Stephen Donaldson Analysis Part One

My study is a very specific one and hence has made the task of data collection fairly straight forward. I intend to base my study on the following two texts:

Text 1:

 Lord Foul’s Bane, Chapter One:Golden Boy, Book One of The Chronicles of Thomas Covenant, the Unbeliever, Paperback Edition Publisher: Del Rey (June 12, 1987), 496 pages, Language: English, ISBN-10: 0345348656, ISBN-13: 978-0345348654

Word Count of first five paragraphs: 337

 

Text 2:

Against All Things Ending, Chapter One: The Burden of Too Much Time, Book Three of The Last Chronicles of Thomas Covenant, Stephen R. Donaldson 2010, This excerpt created from the final manuscript version of the book, http://www.StephenRDonaldson.com accessed 06/09/2010

Word Count of first four paragraphs: 328

I am using these two specific texts because text 1 is Donaldson’s first book in the aforementioned series and text 2 is Donaldson’s latest book in the same series. There is a twenty three year period between them and Donaldson has written tens of novels since then and has had a lot of time to develop his writing.

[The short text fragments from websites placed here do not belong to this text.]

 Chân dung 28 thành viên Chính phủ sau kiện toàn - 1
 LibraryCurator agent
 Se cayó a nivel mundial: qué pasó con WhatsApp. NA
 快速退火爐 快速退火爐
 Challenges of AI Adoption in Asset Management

Text 1 was originally published in 1977 by Holt Publishing (Donaldson, 2010). Text 2 is unpublished as a hardcopy, yet the first chapter was released on the author’s website in the form of a portable document format file or ‘.pdf’. Text 1 will be copied via manual data entry directly from the aforementioned published paperback version. Text 2 will be cut and paste into a Microsoft Word Document from the ‘pdf’ file. I have taken the liberty to exclude the final paragraph from Text 1, ‘Lord Foul’s Bane’, and include the final paragraph (that spans pages 2 and 3) from Text 2, ‘Against All Things Ending’, so that the word count – for the purposes of the comparative study – becomes more similar between the two texts.

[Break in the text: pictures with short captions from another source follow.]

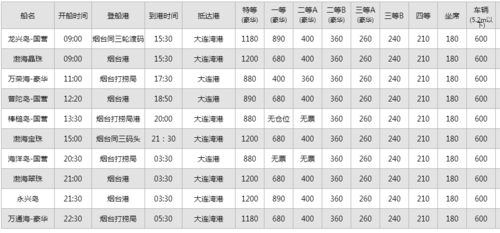 大连到烟台坐什么船（大连到烟台在哪坐船方便）-图2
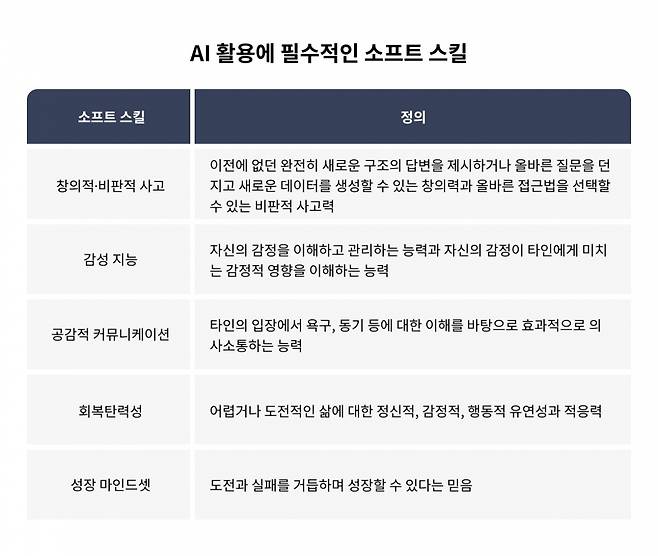 *자료:미국심리학회(APA), <트렌드 코리아 2024> 등 종합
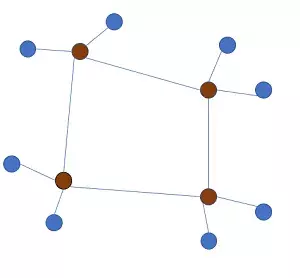 熊猫直播P2P分享率优化（上）：IP组网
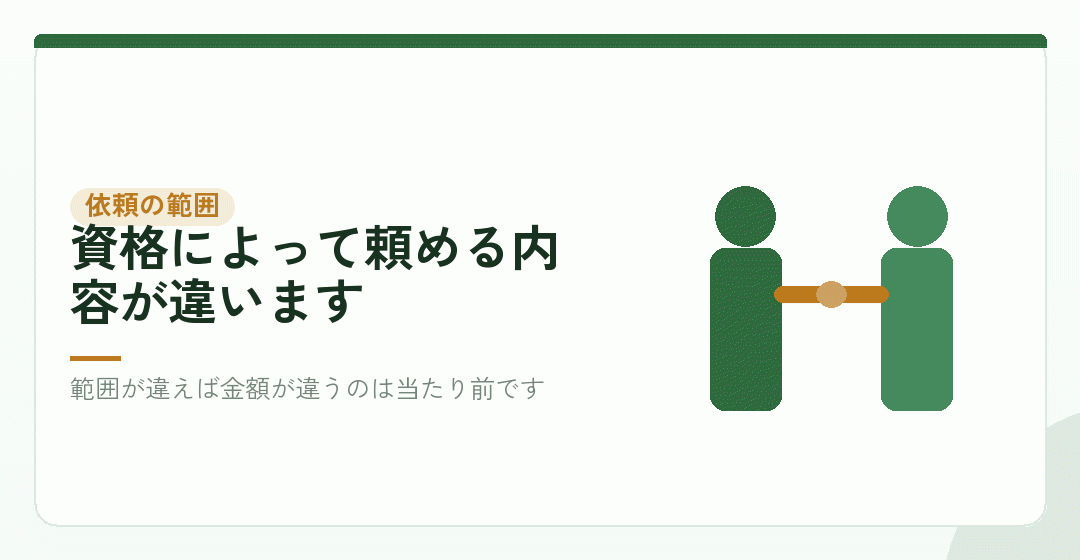 揃える条件③:依頼する範囲を表したイラスト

To perform a detailed study within the word limit and scope/focus of my study I have chosen to limit my analysis to the first four or five paragraphs of the first chapter of each book. The additional benefit of this choice is that the first page of a fiction book is usually high impact and attempts to capture the attention of the reader immediately and hence should display some of the writer’s best work and literary abilities. In a larger project perhaps with a wider scope, extracts from a range of the author’s works could be utilised rather than just two extracts I shall be using.

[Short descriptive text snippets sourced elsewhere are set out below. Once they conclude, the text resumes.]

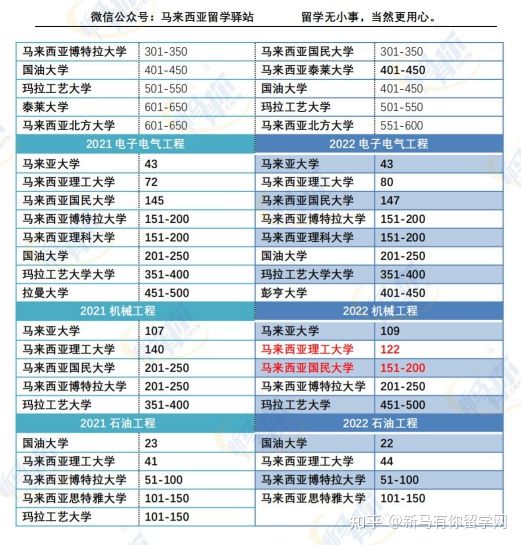 這樣看才更懂，內附對照分析圖，馬來西亞留學院校2022QS世界大學學科排名分析來啦！(圖8)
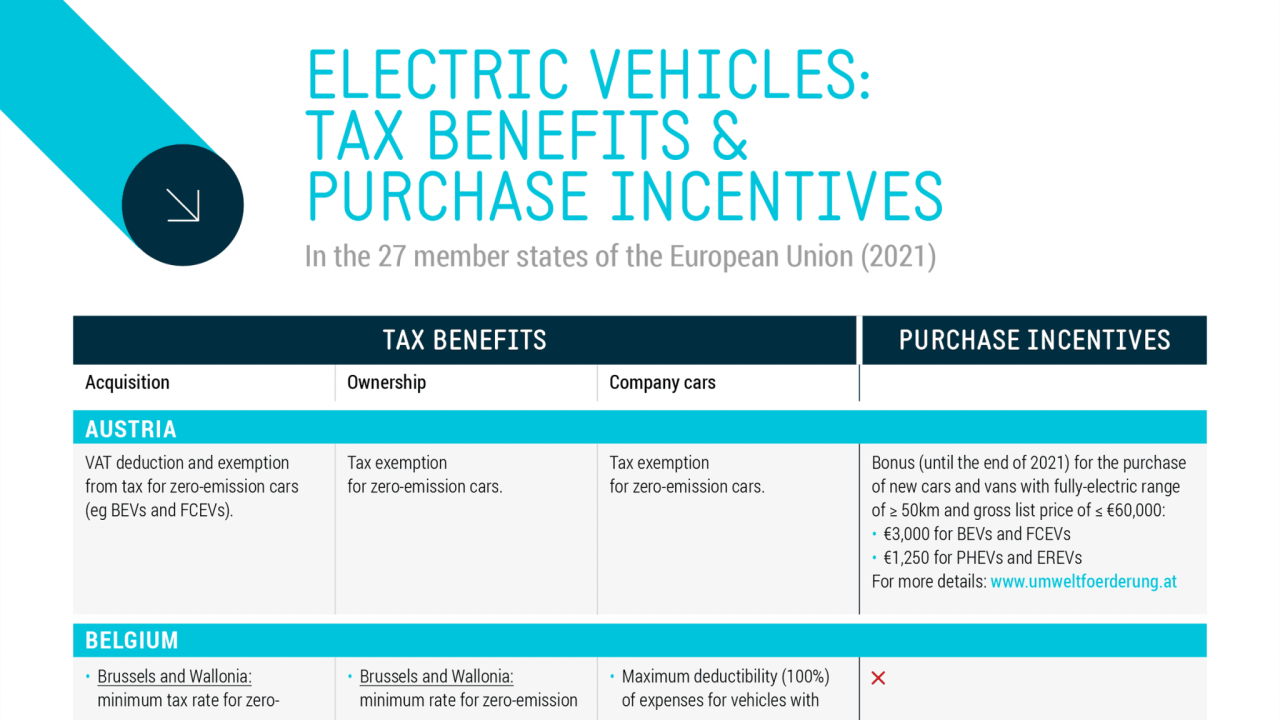 Electric vehicles-Tax benefits incentives in the EU-2019 - ELECTRIC ... Electric vehicles-Tax benefits incentives in the EU-2019 - ELECTRIC ...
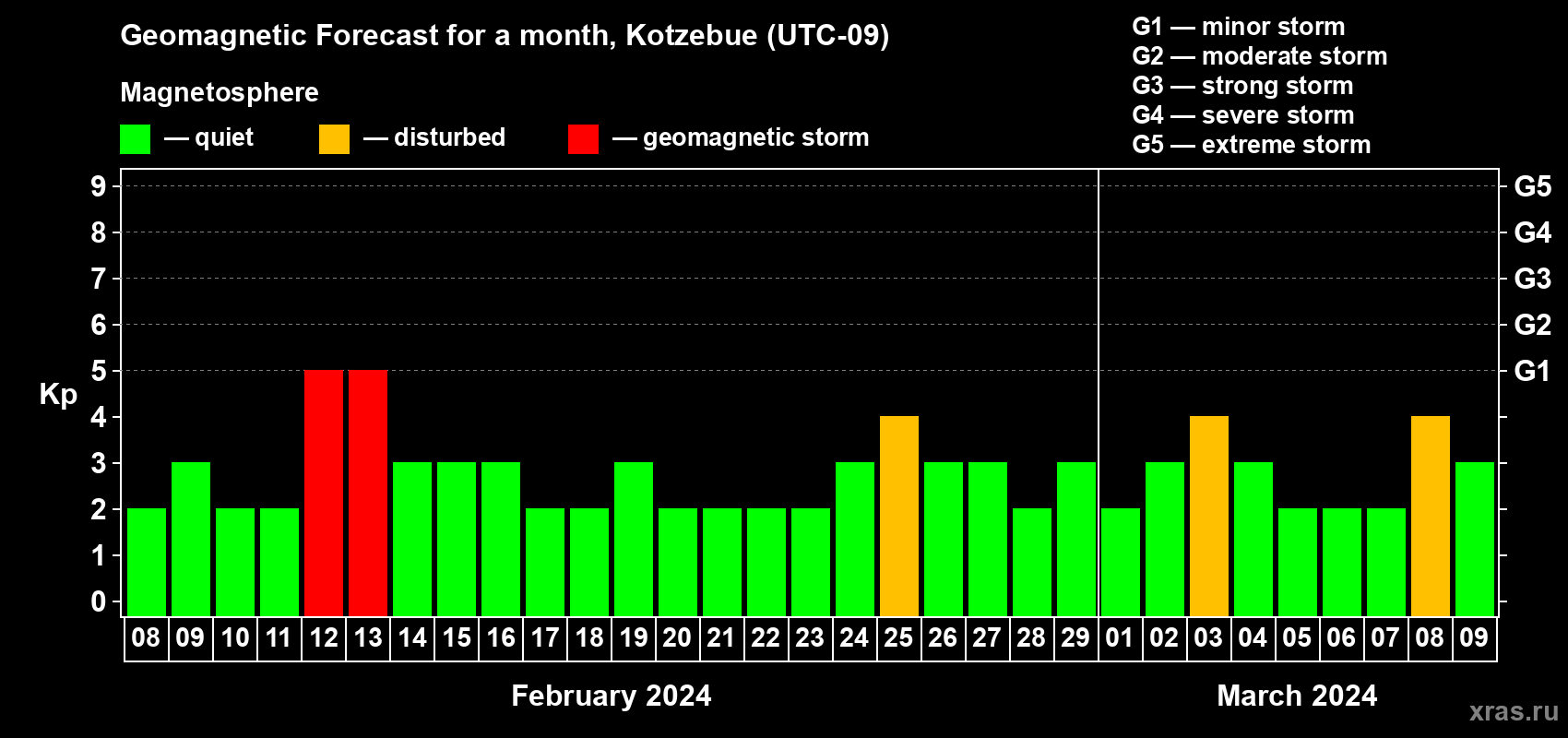 Forecast of the daily maximal value of geomagnetic index Kp for <b>1 month</b> (31 days) <b>from Feb 08, 2024 to Mar 09, 2024</b>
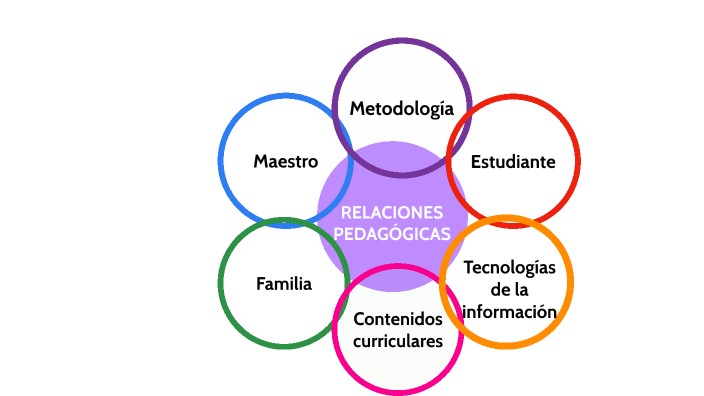 RELACIONES PEDAGOGICAS by JENNIFER LOPEZ ALVAREZ on Prezi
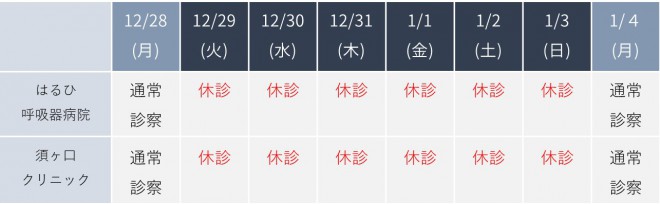 2020年年末年始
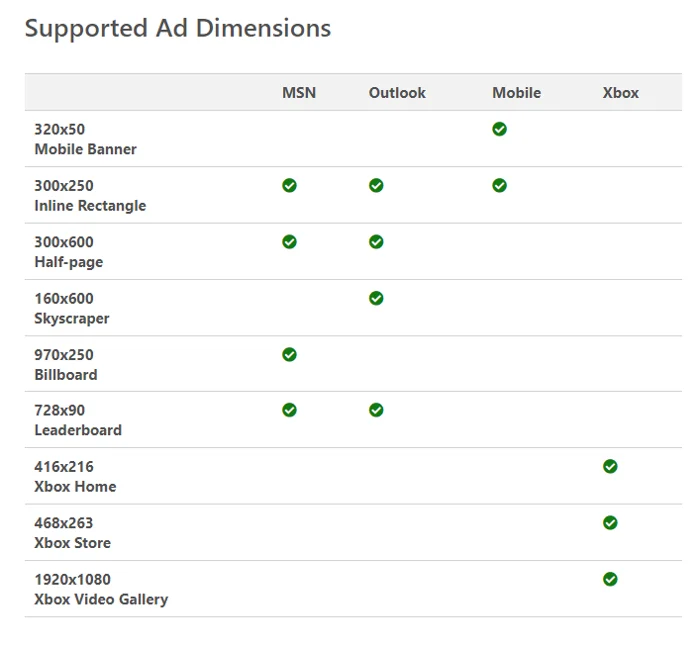 microsoft_display_ads_specs_1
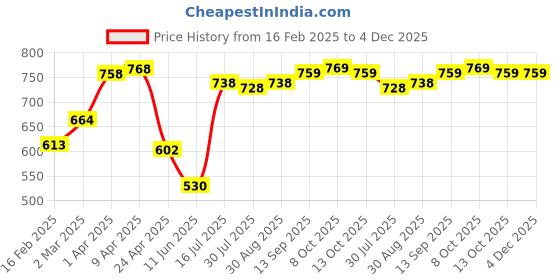 firstcry.com Kookie Kids Sleeveless Solid Color Jumpsuit with Frill Detailing - Blue kookie kids Price History Graph from 16 Feb 2025 to 4 Dec 2025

During the conduct of my investigation I realised that in order to achieve some of the aims I made I would have to limit the word count so that a more focussed analysis could be performed. This decision was partly influenced by the work of Hillier (Coffin et al, 2004) on the grammatical comparison between the work of Dickens and Tarner. A thorough analysis of noun modification would be verbose and to give justice to the topic would require a more focussed study on a smaller text as Hillier did.

(All references shall be provided at the end of the series of articles.)